Seward Helicopter Tours' dog camp up on Godwin glacier. 
Possibly the most scenic prison in Alaska?
Seward from the air.
Seward on the ground: full of colorful doors.

A restaurant by the sea with a delicious cocktail menu.
For example: a Ginger Lemon Cocktail.
A view of the harbor.

Gold dust on the water (spruce pollen).
The toe of Exit Glacier.
The harbor again.  

Lisbet & Exit Glacier.
Some fascinating rocks. 


seward 2

No work for me this week (I've been flagging), so after catching up on a lot of post-Iditarod work, visiting friends in Talkeetna, and running errands in Wasilla & Anchorage, I headed down to Seward to hear my friend Dan play at the Yukon Bar & go for a hike with my friend Sarah. Seward is a really lovely little town by the mountains and the sea, with a surprisingly impressive array of good restaurants and Made-in-Alaska focused tourist shops, only 2 hours from Anchorage. Sarah runs Seward Helicopter and Dog Sled Tours. Last time I was in Seward I got to hop on the helicopter for a flight tour of Seward and visit their dog camp on the glacier. That was fun! Need to post those pictures. Tekla Seavey (who I last saw in Nome), joined us for cocktails before Dan's show (which we ended up mostly missing due to the aforementioned cocktails. oops) and hiking the day after. I loaded up Mygga's dog pack with some small water bottles for her to practice lugging around. Eventually, I'd like to be able to take some of the dogs on longer trips into the mountains and have them carry their own food and water. I attached a jingle bell on the pack, ostensibly to alert bears of our presence (I always think of the Tundra cartoon in which bears lounging behind a bush are excited to hear the "dinner bell") and tried walking the beach (no-go, high tide), the Iditarod Trail (nope, trail has been replaced by a river), and finally to the trail along Bear Lake, where we jingled merrily along to a small cove with a beach, our turnaround point.

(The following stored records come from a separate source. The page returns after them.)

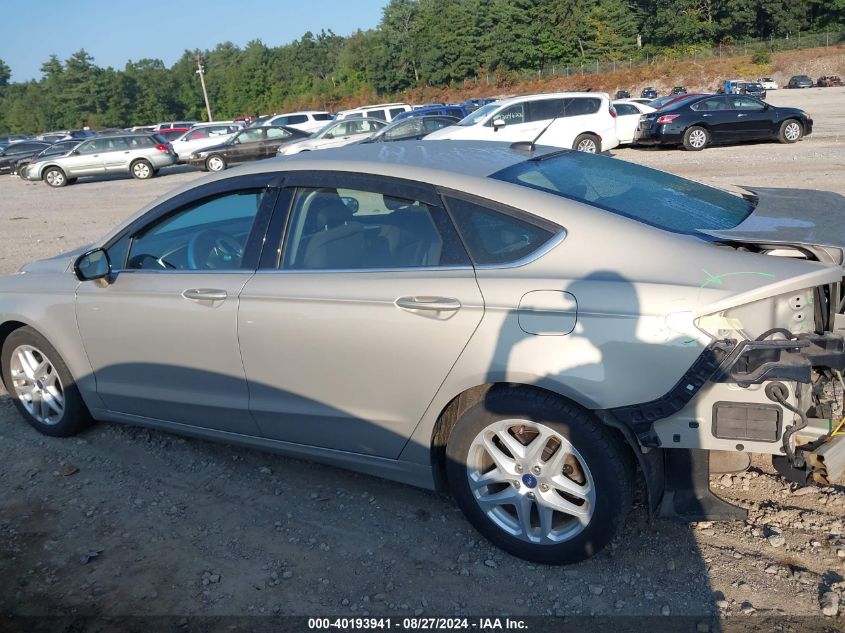 2015 Ford Fusion Se VIN: 3FA6P0H71FR187934 Lot: 40193941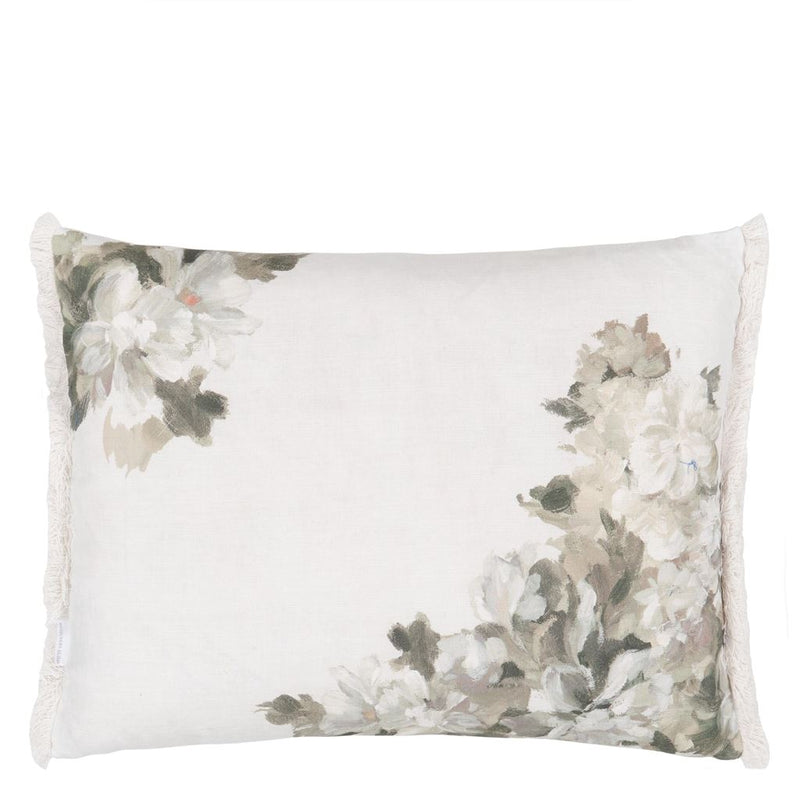 media image for Fleurs D Artistes Sepia Cushion By Designers Guild Ccdg1463 3 285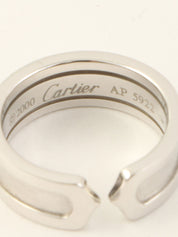 18K C2 Ring Silver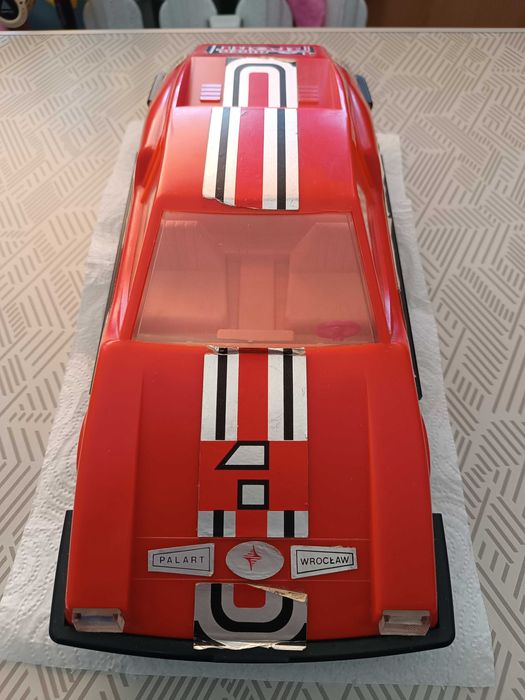 Samochód zabawka Palart Wrocław - lata 80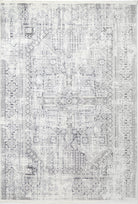 Bohemian Paradise Panel Grey Rug - 03GREY.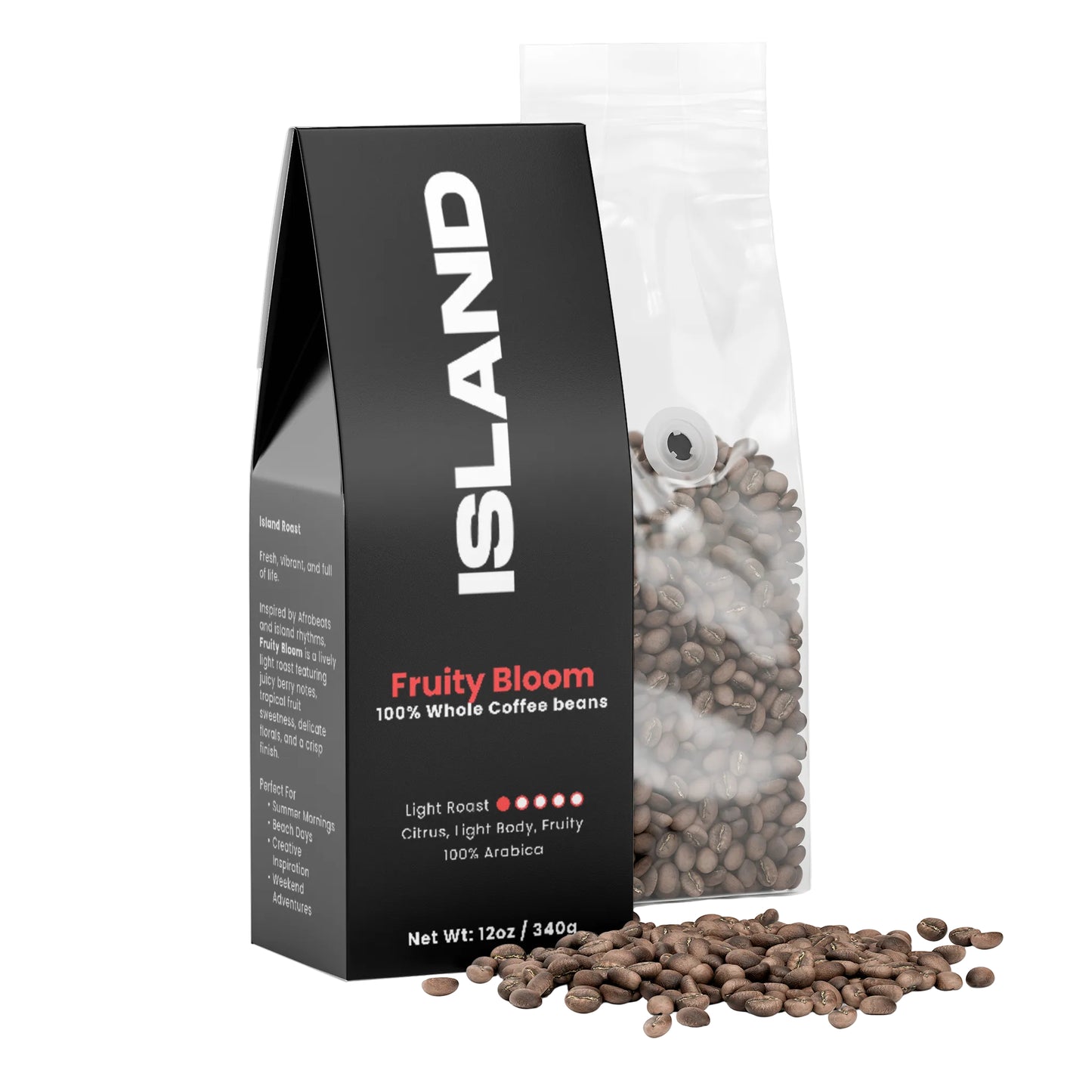 Island | Fruity Bloom Coffee (Light Roast)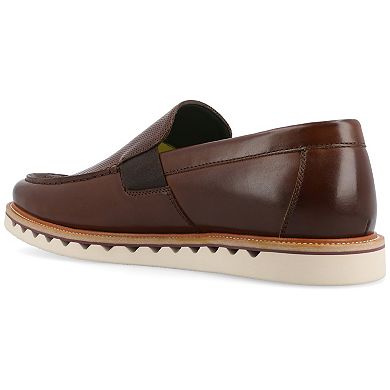 Vance Co. Dallas Men's Tru Comfort Foam Slip-On Loafers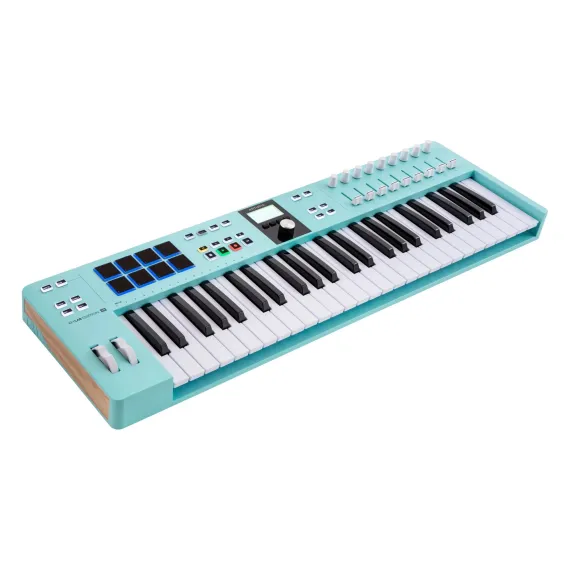 Arturia KeyLab Essential 49 MK3 Aquamarine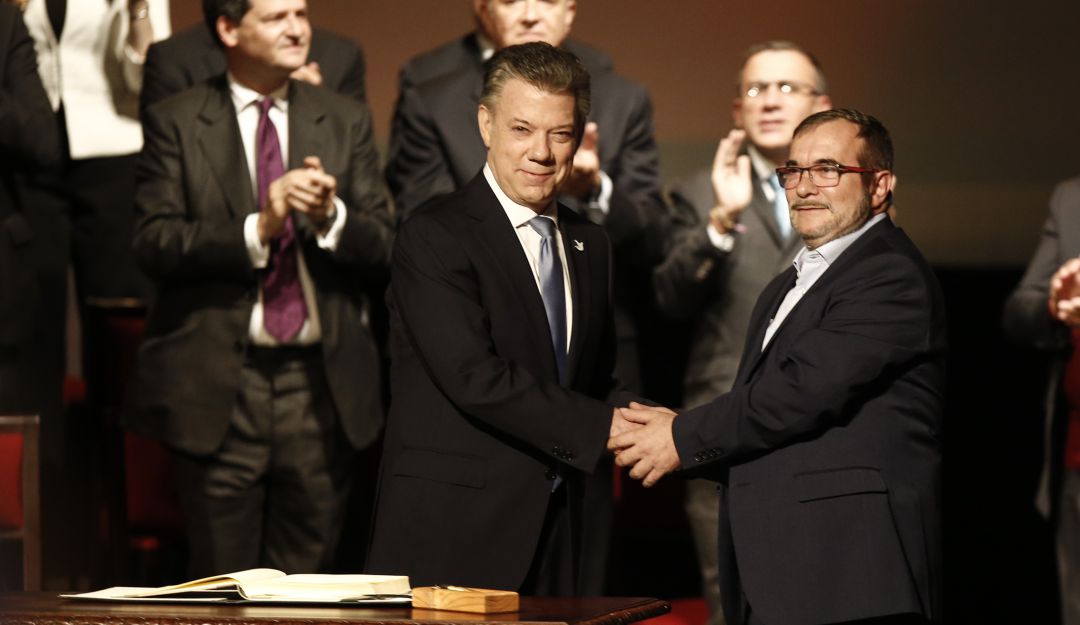 Firma acurdo de paz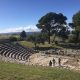 Ripartenza nel turismo con il Teatro greco ripulito
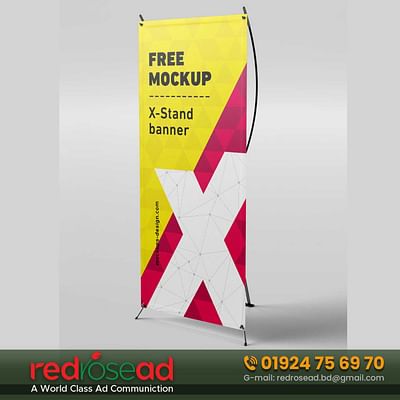 Best x Banner price in bangladesh - Publicité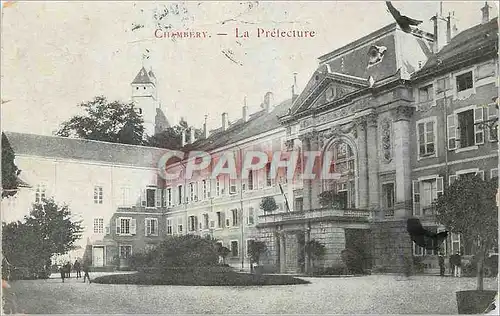 Cartes postales Chambery La Prefecture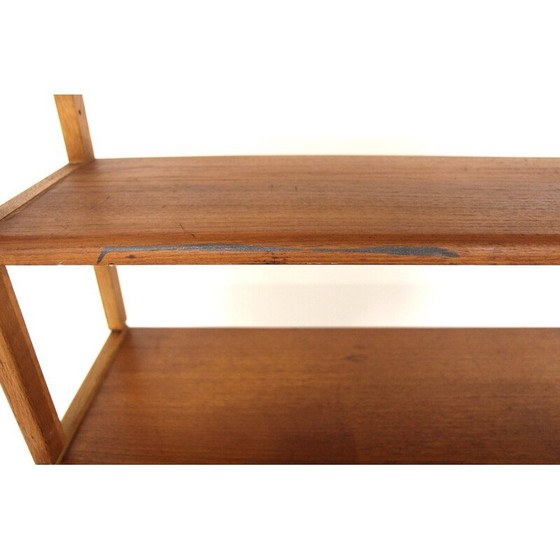 Image 1 of Vintage teak bookcase by Bertil Fridhagen for Bodafors, Sweden 1960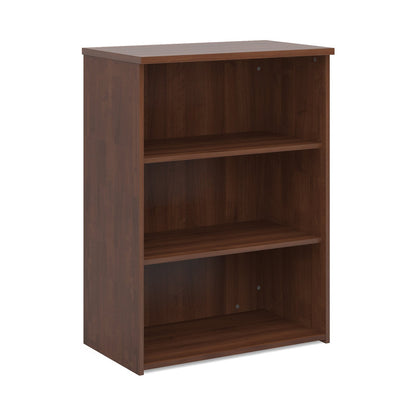 Universal bookcase with shelves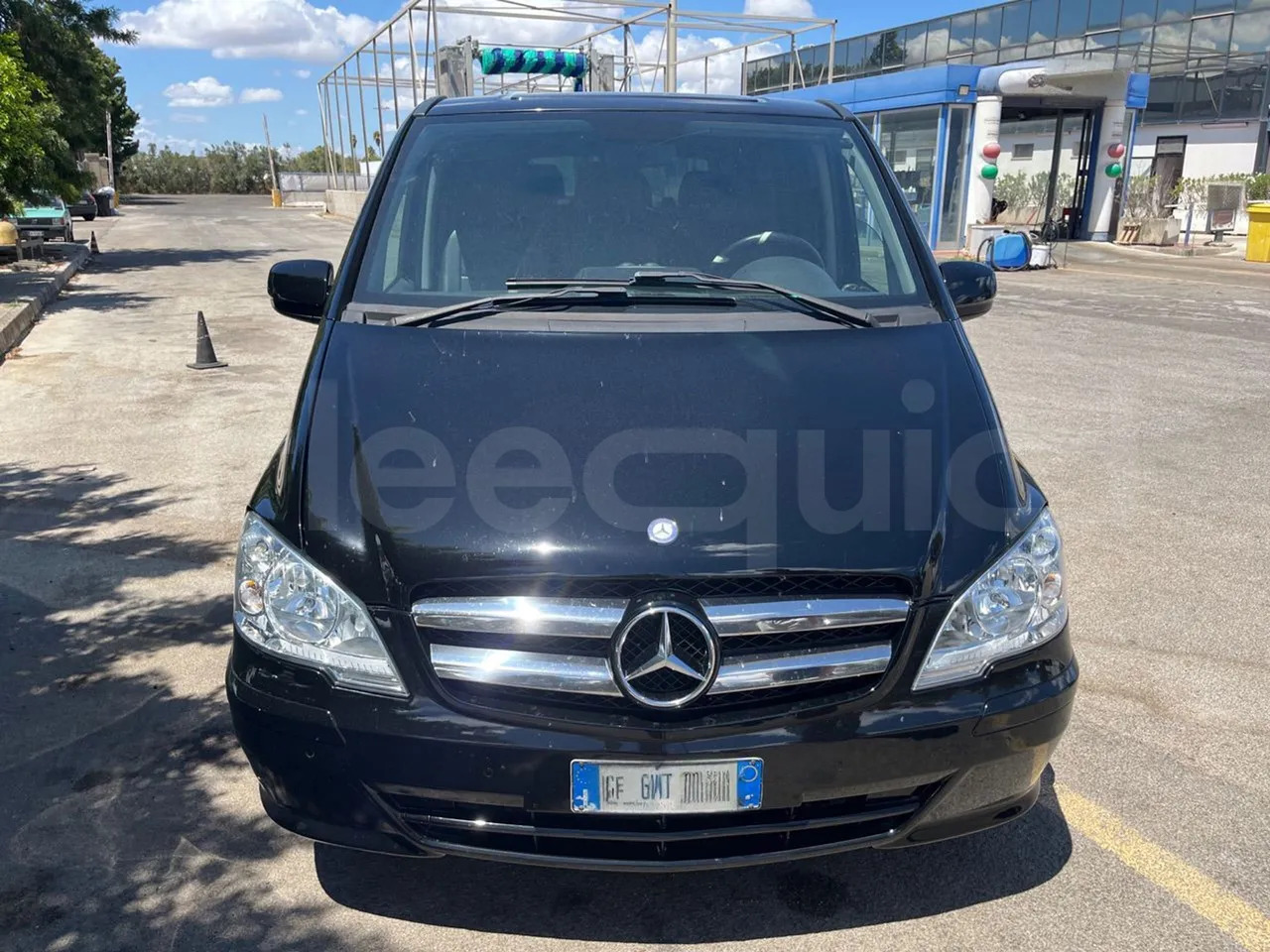 Mercedes-Benz Vito - Микроавтобус, Пассажирский фургон: фото 2 Mercedes-Benz Vito - Микроавтобус, Пассажирский фургон: фото 2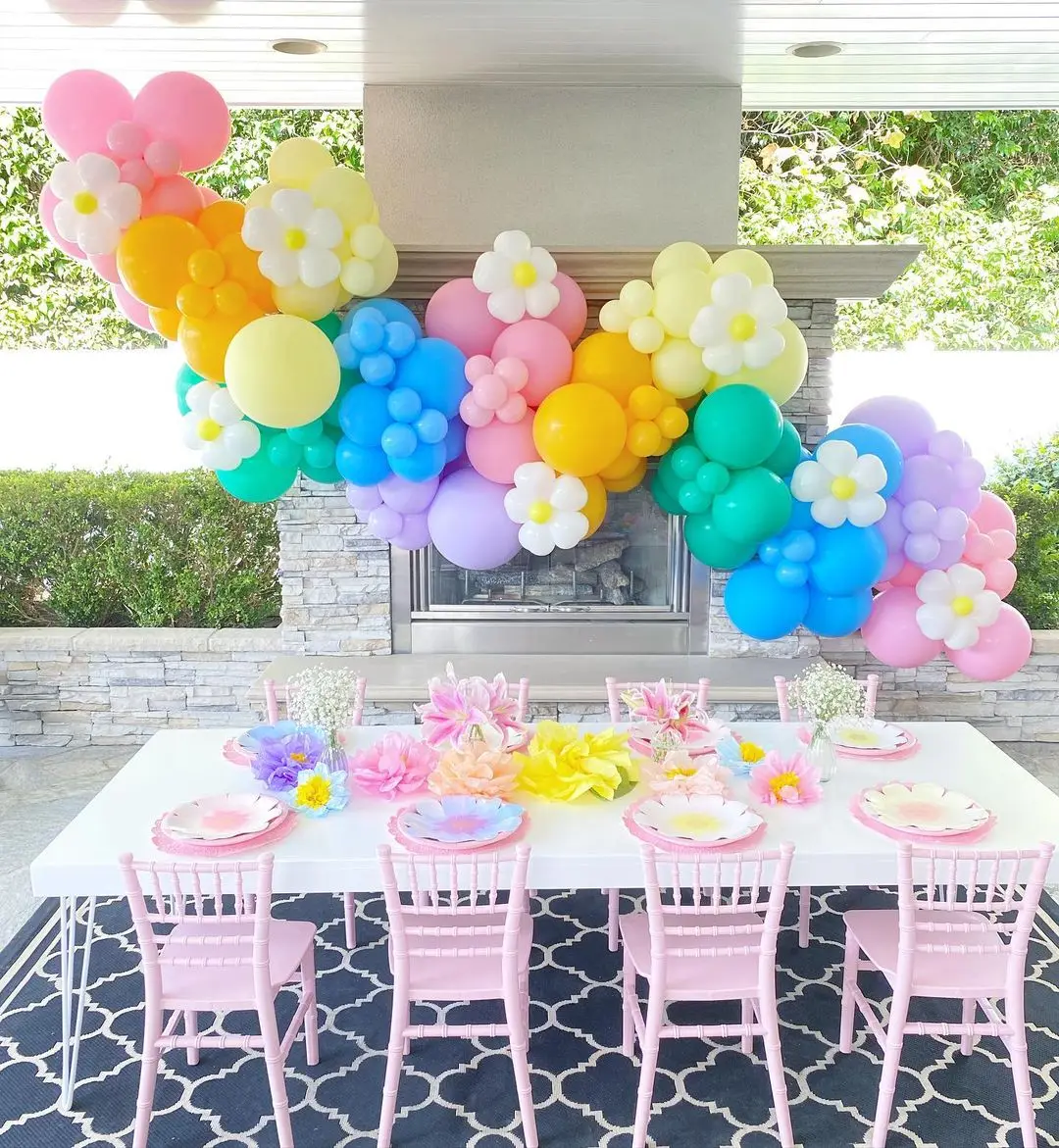 

Wedding Birthday Party Decor Retro Pink Double Apricot Latex Balloon Garland Arch Holiday Event Backgound Baby Shower Decor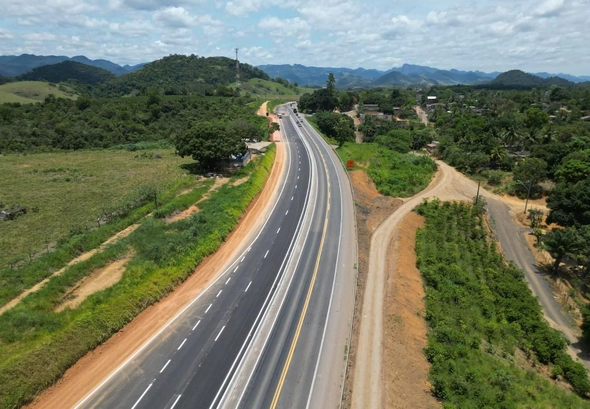Ecovias Capixaba libera novo trecho duplicado da BR-101, na Serra, a partir desta sexta-feira (12)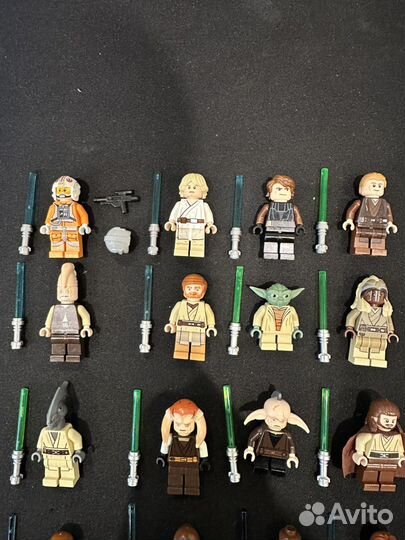 Lego star wars минифигурки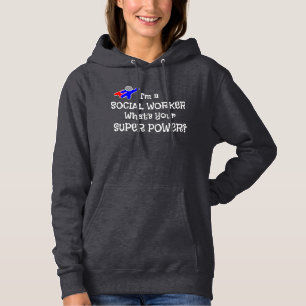 Spaß der Sozialarbeiter Hoodie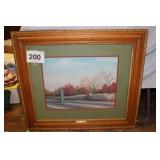 KEENLAND BY C.G. MOREHEAD...30X26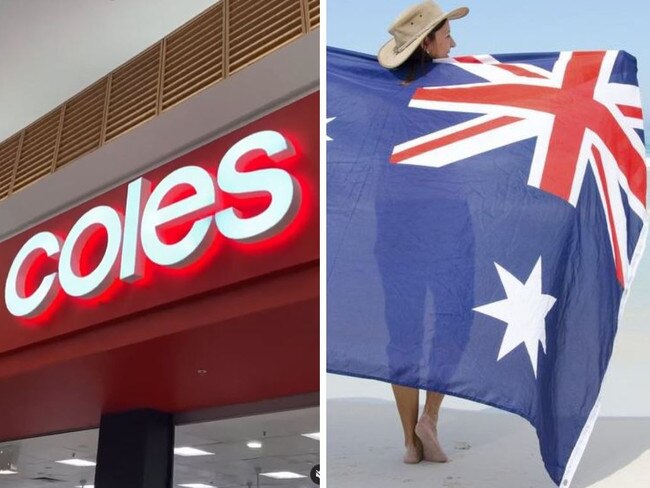 Coles drops Aus Day decision amid backlash. Picture: Supplied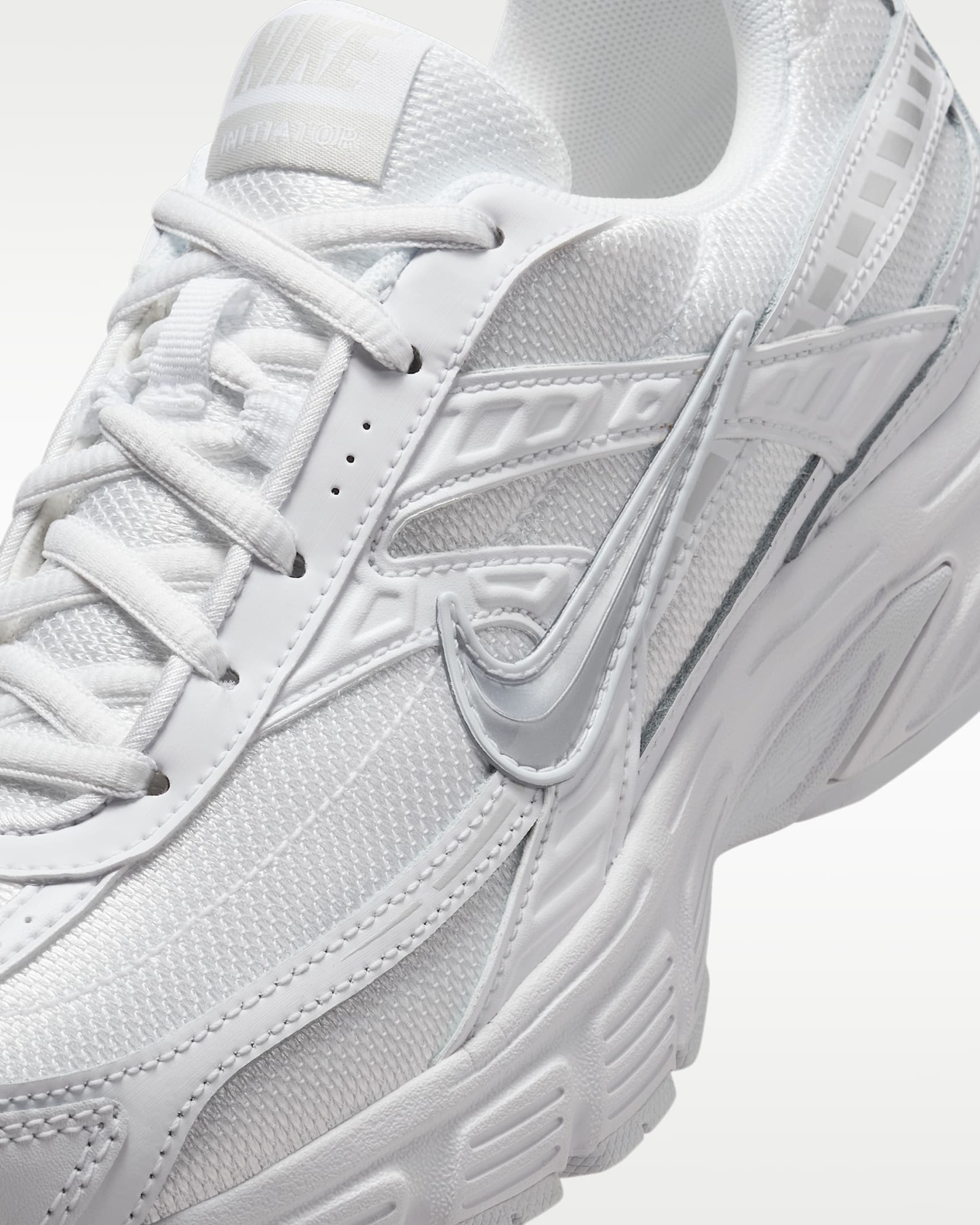 Nike Initiator Kadın Ayakkabısı - Beyaz/Photon Dust/Metallic Silver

Mygga, playing at being a pack dog.
Mygga on the beach.

Looking towards Seward.
The Iditarod Trail, washed out by spring flooding.
Lisbet & Mygga on the remains of the original Iditarod Trail. 
Mygga on the trail we shared with a creek.
Little water dog.

Tekla & Sarah on the way to Bear Lake.

Mossy trees.

Emerald ferns & a many tiered waterfall.
The trail is carved into a steep hillside running the length of the lake.

Overlooking Bear Lake.
Mygga and her buddy Arthur.

Tekla & Sarah take a break on a Bear Lake beach.

Mygga in the grass.
Lush mosses everywhere.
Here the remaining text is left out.